One of the salient features of FiDoop-DP lies in its capability of lowering
network traffic and computing load through reducing the number of
redundant transactions, which are transmitted among Hadoop nodes. FiDoop-
DP applies the Voronoidiagrambaseddata partitioning technique to accomplish
data partition,in which LSH is incorporated to offer an analysisof correlation
among transactions. At the heart of FiDoop-DP is the second MapReduce job,
which (1) partitions alarge database to form a complete dataset for item
groupsand (2) conducts FP-Growth processing in parallel on localpartitions to
generate all frequent patterns. Our experimentalresults reveal that FiDoop-DP
significantly improves theFIMperformance of the existing Pfp solution by up to
31%with an average of 18%.We introduced in this study a similarity metric to
facilitatedata-aware partitioning. As a future research direction,we will apply
this metric to investigate advanced loadbalancingstrategies on a
CONTACT: PRAVEEN KUMAR. L (,+91 – 9791938249)
MAIL ID: sunsid1989@gmail.com, praveen@nexgenproject.com
Web: www.nexgenproject.com, www.finalyear-ieeeprojects.com
heterogeneous Hadoop cluster.In one of our earlier studies (see [32] for
details), we addressedthe data-placement issue in heterogeneous
Hadoopclusters, where data are placed across nodes in a way thateach node
has a balanced data processing load. Our dataplacement scheme [32] can
balance the amount of datastored in heterogeneous nodes to achieve
improved dataprocessingperformance. Such a scheme implemented at
thelevel of Hadoop distributed file system (HDFS) is unawareof correlations
among application data. To further improveload balancing mechanisms
implemented in HDFS, we planto integrate FiDoop-DP with a data-placement
mechanismin HDFS on heterogeneous clusters.
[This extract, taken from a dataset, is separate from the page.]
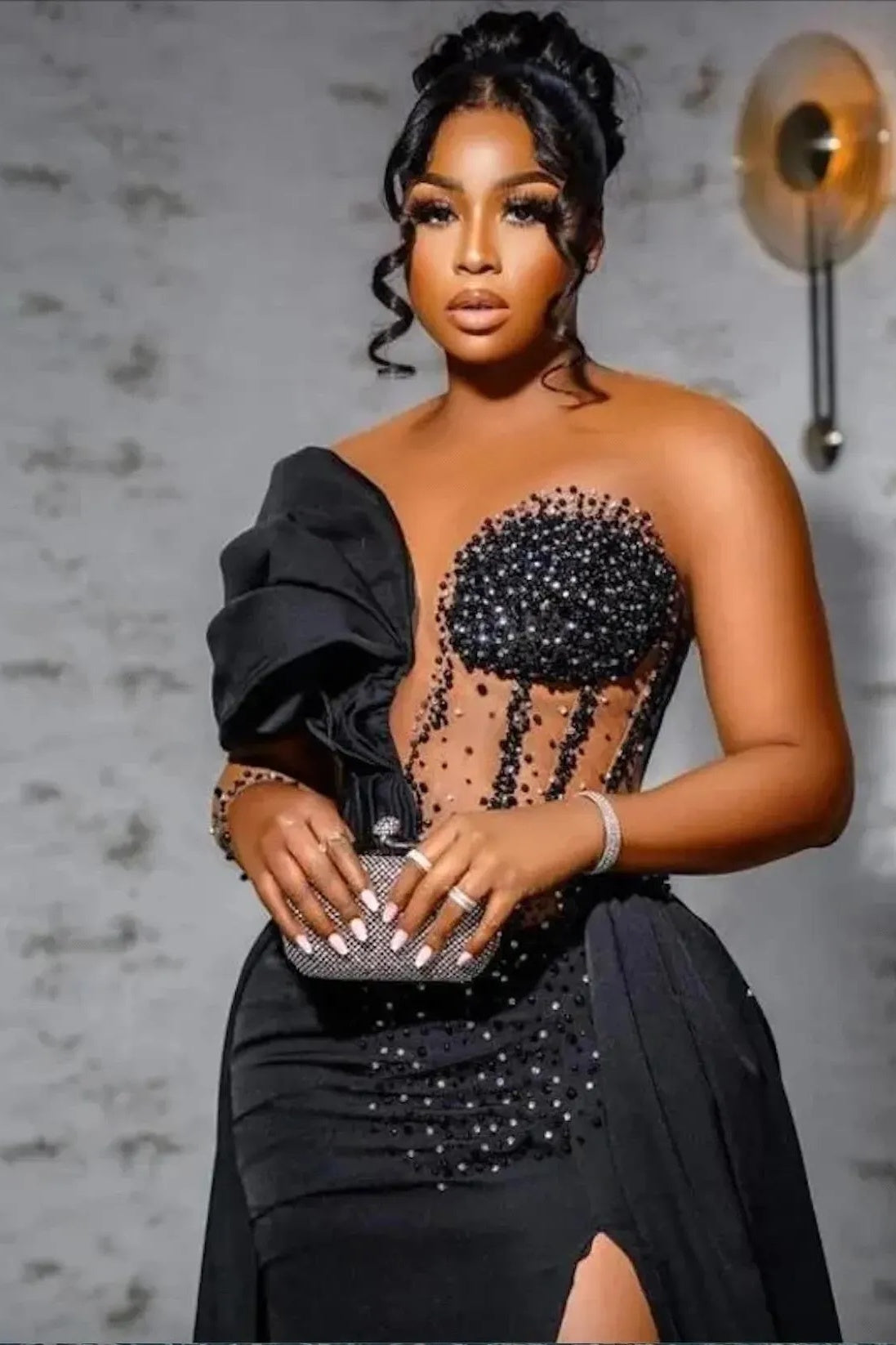 Biztunnel Elegant Black Beaded High-split Mermaid Formal Dress with Drape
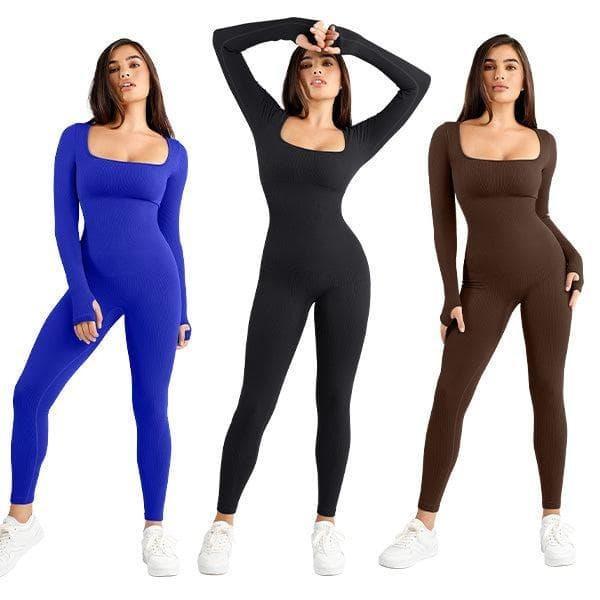 Popilush Sports Seamless Square Neck Long Sleeve Jumpsuits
In addition to
performanceissues, energy efficiency of parallel FIM systems willbe an
intriguing research direction.
REFERENCES
[1] M. J. Zaki, “Parallel and distributed association mining: A
survey,”Concurrency, IEEE, vol. 7, no. 4, pp. 14–25, 1999.
[2] I. Pramudiono and M. Kitsuregawa, “Fp-tax: Tree structure
basedgeneralized association rule mining,” in Proceedings of the 9th
ACMSIGMOD workshop on Research issues in data mining and
knowledgediscovery. ACM, 2004, pp. 60–63.
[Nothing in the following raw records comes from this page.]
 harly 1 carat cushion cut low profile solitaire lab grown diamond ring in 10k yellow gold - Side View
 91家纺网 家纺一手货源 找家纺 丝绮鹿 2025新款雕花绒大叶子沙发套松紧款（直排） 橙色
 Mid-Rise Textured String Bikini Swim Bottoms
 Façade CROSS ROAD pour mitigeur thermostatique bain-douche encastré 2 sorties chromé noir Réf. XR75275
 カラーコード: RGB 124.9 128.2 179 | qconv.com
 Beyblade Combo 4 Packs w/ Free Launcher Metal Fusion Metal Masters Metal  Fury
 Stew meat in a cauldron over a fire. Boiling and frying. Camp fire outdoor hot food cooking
[3] J. Dean and S. Ghemawat, “Mapreduce: simplified data processingon large
clusters,” Communications of the ACM, vol. 51, no. 1, pp.107–113, 2008.
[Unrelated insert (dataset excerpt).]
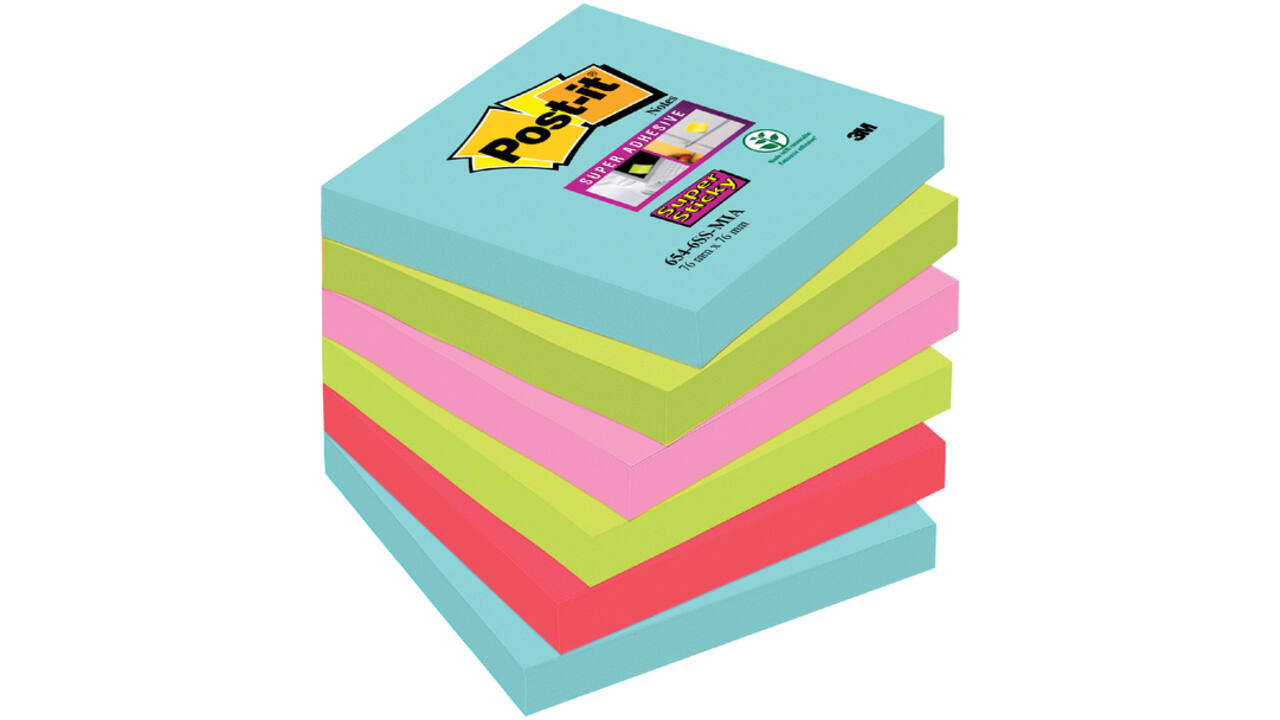 Memoblok Post-it 654 Super Sticky 76x76mm Miami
CONTACT: PRAVEEN KUMAR. L (,+91 – 9791938249)
MAIL ID: sunsid1989@gmail.com, praveen@nexgenproject.com
Web: www.nexgenproject.com, www.finalyear-ieeeprojects.com
[4] S. Sakr, A. Liu, and A. G. Fayoumi, “The family of mapreduceand large-scale
data processing systems,” ACMComputing Surveys(CSUR), vol. 46, no. 1, p. 11,
2013.
[5] M.-Y. Lin, P.-Y.Lee, and S.-C. Hsueh, “Apriori-based frequent itemsetmining
algorithms on mapreduce,” in Proceedings of the 6th InternationalConference
on Ubiquitous Information Management and Communication,ser. ICUIMC ’12.
New York, NY, USA: ACM, 2012, pp.76:1–76:8.
[6] X. Lin, “Mr-apriori: Association rules algorithm based on mapreduce,”in
Software Engineering and Service Science (ICSESS), 2014 5thIEEE International
Conference on. IEEE, 2014, pp. 141–144.
[7] L. Zhou, Z. Zhong, J. Chang, J. Li, J. Huang, and S. Feng, “Balancedparallel fp-
growth with mapreduce,” in Information Computing andTelecommunications
(YC-ICT), 2010 IEEE Youth Conference on. IEEE,2010, pp. 243–246.
[8] S. Hong, Z. Huaxuan, C. Shiping, and H. Chunyan, “The study ofimproved fp-
growth algorithm in mapreduce,” in 1st InternationalWorkshop on Cloud
Computing and Information Security. Atlantis Press,2013.
[9] M. Riondato, J. A. DeBrabant, R. Fonseca, and E. Upfal, “Parma:a parallel
randomized algorithm for approximate association rulesmining in mapreduce,”
in Proceedings of the 21st ACM internationalconference on Information and
knowledge management. ACM, 2012, pp.85–94.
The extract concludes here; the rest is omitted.